Verstrooiing van licht

Waarom lijkt een rietje in een glas water gebroken, waarom fonkelt een diamant en hoe werkt een softbox? Dit en nog veel meer over licht dat verstrooid kan raken, maar dan toch echt niet in de war blijkt te zijn!

Het hoekje om

Als licht door de ruimte tussen de zon en de aarde naar ons toe reist, komt het in een rechte lijn op ons af. Door doorzichtige zaken zoals lucht of water plant licht zich ook rechtlijnig voort.

Maar als licht van het ene doorzichtige medium in een ander doorzichtig medium terechtkomt, bijvoorbeeld eerst door de lucht gaat en dan in het water terechtkomt, dan komt het in een medium terecht dat een andere “golfweerstand” kent. Hierdoor buigen lichtstralen af.
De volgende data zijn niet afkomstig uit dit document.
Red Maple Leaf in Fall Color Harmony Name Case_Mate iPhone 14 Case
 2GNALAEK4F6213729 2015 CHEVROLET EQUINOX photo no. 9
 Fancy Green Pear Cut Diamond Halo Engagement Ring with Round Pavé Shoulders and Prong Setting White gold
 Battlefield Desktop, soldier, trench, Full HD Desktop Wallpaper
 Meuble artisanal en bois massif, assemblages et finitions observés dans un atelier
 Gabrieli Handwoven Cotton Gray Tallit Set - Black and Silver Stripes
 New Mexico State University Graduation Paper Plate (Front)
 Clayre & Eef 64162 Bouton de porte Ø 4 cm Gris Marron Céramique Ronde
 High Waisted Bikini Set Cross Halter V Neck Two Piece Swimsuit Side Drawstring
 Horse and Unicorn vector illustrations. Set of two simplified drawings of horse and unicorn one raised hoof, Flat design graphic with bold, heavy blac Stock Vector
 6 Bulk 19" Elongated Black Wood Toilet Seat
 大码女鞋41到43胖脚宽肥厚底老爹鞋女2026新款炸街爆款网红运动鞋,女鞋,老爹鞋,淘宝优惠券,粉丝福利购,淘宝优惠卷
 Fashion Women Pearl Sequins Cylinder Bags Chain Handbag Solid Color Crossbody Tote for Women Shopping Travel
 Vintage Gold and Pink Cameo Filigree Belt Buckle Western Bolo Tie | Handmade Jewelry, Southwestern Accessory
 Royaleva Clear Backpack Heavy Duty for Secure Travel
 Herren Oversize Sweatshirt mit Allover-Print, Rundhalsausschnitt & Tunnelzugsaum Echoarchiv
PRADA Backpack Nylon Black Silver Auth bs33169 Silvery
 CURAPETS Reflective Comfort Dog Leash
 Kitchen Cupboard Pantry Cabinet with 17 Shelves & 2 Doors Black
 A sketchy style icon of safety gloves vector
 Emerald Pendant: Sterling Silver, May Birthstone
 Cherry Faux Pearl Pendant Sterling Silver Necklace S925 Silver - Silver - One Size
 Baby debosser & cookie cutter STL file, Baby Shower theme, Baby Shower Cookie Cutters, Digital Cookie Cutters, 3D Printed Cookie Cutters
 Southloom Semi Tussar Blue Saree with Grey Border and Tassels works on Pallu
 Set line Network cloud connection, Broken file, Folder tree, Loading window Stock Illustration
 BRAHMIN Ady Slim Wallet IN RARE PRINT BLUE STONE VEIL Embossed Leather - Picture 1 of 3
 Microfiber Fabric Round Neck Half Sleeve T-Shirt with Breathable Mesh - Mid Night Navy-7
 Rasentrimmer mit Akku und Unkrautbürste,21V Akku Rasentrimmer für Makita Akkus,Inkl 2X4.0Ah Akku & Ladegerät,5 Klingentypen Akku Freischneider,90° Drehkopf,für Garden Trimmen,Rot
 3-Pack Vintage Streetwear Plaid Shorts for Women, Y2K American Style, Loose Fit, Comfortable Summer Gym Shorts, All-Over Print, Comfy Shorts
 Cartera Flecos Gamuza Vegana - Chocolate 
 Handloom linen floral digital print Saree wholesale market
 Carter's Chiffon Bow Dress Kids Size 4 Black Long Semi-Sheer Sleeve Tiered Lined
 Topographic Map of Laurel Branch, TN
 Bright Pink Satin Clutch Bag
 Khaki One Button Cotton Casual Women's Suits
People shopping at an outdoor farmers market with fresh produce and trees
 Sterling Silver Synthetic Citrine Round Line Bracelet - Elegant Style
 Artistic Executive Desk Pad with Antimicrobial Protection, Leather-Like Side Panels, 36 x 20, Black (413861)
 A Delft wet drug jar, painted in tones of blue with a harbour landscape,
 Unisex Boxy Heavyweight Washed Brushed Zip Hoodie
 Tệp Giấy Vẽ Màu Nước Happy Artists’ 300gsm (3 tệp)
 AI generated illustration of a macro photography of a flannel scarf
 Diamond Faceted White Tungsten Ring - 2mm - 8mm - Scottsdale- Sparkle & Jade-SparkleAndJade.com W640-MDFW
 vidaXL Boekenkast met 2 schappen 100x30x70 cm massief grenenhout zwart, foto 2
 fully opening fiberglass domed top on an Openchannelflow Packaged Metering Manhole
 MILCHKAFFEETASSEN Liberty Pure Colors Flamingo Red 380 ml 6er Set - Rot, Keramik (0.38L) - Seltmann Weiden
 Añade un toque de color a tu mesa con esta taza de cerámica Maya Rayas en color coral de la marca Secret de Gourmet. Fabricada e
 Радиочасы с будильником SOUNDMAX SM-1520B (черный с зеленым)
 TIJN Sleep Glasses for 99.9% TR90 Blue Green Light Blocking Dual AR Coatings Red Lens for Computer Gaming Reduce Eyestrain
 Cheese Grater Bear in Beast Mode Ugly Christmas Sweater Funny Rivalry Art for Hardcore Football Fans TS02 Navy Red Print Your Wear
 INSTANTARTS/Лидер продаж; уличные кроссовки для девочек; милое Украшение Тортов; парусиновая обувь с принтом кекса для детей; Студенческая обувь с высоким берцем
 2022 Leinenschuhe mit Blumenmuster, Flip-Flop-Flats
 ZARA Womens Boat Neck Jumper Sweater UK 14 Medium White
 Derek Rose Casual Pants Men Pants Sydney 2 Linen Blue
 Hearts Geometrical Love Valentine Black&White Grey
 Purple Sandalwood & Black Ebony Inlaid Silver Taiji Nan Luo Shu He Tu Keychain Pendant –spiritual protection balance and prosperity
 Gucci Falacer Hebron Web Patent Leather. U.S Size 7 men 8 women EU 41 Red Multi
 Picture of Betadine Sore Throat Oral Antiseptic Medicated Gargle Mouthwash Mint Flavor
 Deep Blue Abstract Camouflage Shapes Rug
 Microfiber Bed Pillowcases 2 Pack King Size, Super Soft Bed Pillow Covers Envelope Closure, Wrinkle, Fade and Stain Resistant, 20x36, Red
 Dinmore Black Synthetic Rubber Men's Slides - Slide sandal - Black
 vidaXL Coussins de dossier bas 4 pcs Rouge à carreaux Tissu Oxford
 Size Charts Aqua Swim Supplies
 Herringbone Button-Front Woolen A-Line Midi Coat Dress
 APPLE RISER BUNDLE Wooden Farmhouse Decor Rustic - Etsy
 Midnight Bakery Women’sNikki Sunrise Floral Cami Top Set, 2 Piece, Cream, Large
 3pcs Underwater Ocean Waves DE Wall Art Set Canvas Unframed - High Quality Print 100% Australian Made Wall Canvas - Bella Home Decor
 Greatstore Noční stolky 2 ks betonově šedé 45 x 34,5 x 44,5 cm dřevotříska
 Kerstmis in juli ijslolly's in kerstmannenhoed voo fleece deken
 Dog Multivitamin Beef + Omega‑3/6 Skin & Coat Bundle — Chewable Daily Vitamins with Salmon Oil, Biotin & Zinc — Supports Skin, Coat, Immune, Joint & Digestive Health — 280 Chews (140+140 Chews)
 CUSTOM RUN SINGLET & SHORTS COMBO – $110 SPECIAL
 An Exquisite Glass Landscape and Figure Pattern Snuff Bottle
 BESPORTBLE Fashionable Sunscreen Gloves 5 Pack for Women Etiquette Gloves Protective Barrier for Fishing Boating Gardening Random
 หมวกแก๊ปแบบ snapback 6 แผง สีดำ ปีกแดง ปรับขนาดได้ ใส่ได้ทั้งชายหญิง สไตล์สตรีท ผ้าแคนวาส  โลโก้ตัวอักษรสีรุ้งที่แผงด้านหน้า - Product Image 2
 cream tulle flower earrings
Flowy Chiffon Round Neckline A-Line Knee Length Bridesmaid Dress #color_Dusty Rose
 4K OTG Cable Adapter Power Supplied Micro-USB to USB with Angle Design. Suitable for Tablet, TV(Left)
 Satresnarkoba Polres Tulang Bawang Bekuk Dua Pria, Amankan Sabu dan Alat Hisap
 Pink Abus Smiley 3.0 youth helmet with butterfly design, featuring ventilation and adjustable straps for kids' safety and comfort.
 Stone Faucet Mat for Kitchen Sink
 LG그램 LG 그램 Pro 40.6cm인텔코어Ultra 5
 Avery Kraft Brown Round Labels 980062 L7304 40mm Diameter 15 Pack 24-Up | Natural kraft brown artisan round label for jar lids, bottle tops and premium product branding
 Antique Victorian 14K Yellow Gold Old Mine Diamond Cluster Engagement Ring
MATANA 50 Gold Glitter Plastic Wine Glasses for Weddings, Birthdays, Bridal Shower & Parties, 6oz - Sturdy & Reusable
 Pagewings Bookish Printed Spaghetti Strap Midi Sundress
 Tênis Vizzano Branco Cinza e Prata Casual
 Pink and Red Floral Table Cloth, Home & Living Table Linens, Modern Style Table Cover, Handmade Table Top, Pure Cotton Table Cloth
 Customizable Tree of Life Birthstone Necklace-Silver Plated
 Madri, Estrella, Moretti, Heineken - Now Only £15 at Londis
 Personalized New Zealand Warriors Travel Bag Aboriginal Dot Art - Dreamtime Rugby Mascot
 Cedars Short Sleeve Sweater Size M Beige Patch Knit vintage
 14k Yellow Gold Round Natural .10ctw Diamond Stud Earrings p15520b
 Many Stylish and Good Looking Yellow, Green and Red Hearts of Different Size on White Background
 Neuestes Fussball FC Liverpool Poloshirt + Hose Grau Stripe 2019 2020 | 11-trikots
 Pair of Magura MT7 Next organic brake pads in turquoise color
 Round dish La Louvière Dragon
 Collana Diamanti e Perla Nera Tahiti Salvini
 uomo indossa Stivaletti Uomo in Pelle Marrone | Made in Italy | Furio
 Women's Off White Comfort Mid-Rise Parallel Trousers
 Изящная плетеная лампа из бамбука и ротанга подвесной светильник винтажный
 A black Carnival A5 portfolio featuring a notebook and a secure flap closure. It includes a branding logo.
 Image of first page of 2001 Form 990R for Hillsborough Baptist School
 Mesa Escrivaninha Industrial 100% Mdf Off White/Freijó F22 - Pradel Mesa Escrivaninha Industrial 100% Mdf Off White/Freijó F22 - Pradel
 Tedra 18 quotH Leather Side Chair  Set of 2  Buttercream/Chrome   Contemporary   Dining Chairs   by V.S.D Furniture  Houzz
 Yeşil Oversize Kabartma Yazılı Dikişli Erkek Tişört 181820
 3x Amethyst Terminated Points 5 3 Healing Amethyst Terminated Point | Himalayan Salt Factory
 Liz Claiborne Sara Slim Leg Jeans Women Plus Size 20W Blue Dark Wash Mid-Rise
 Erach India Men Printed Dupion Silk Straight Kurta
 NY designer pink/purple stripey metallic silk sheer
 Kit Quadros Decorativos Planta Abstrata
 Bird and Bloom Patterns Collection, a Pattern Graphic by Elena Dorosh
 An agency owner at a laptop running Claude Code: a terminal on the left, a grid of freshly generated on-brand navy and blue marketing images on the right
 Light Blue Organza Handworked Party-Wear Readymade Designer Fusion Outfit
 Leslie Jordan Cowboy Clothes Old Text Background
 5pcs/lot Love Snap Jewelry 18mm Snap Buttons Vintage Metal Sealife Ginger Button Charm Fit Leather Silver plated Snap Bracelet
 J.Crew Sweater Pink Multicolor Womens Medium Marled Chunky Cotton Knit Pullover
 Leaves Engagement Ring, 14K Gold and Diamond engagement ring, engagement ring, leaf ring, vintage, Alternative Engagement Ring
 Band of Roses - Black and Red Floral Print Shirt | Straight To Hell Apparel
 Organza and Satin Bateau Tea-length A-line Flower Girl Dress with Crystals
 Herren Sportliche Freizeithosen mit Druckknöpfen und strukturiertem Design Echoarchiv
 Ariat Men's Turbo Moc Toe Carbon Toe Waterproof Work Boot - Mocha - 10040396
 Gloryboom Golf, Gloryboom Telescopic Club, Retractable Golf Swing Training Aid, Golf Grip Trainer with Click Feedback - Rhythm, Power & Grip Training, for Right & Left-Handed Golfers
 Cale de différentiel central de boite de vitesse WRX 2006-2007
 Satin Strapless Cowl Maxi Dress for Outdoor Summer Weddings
De golfweerstand ontstaat doordat licht een andere fasesnelheid krijgt in een ander medium. Een interessant thema maar iets wat voor hier minder relevant is. 

Rietje in een glas

Als je een rietje in een glas doorzichtige vloeistof plaatst, dan lijkt het soms alsof dit rietje gebroken is (zie afb 1). De breuk bevindt zich dan altijd op het grensvlak tussen lucht en de vloeistof. In werkelijkheid is het natuurlijk niet zo dat het rietje daar gebroken is. Het is het licht dat onder een bepaalde hoek door de lucht aankomt en dat in het water verder gaat onder een andere hoek. Het licht wordt door deze situatie dus blijkbaar afgebogen (de rechte lijn wordt ‘gebroken’).

Niet altijd

Als je een rietje in de vloeistof steekt, dan is het niet altijd zo dat het rietje gebroken lijkt te zijn (zie afb 2). Dit heeft te maken met de hoek waaronder wij naar de situatie kijken. Of beter nog, de hoek waaronder de lichtstraal van het ene medium het andere medium ingaat. De richting van het licht verandert namelijk niet wanneer de hoek van de lichtstraal het oppervlak 90 graden is. Maar als de hoek onder de 90 graden komt, dan zie je dit verschijnsel wel optreden.

Wanneer we kijken naar afb 3, dan zien we dit in een plaatje terug. In 3A komt een lichtstraal in een hoek van 90 graden op water terecht. Deze lichtstraal zal daarom gewoon rechtdoor blijven lopen. Maar in 3B bedraagt de hoek 75 graden en zien we het verschijnsel wel optreden. Maar wat gebeurt er dan precies?

De knik begrepen

Stel we kijken van boven neer op een glas water met een rietje (zie afb 4). Het deel van het rietje dat boven water is, loopt in een normale te verwachten hoek naar beneden, totdat het ’t water raakt.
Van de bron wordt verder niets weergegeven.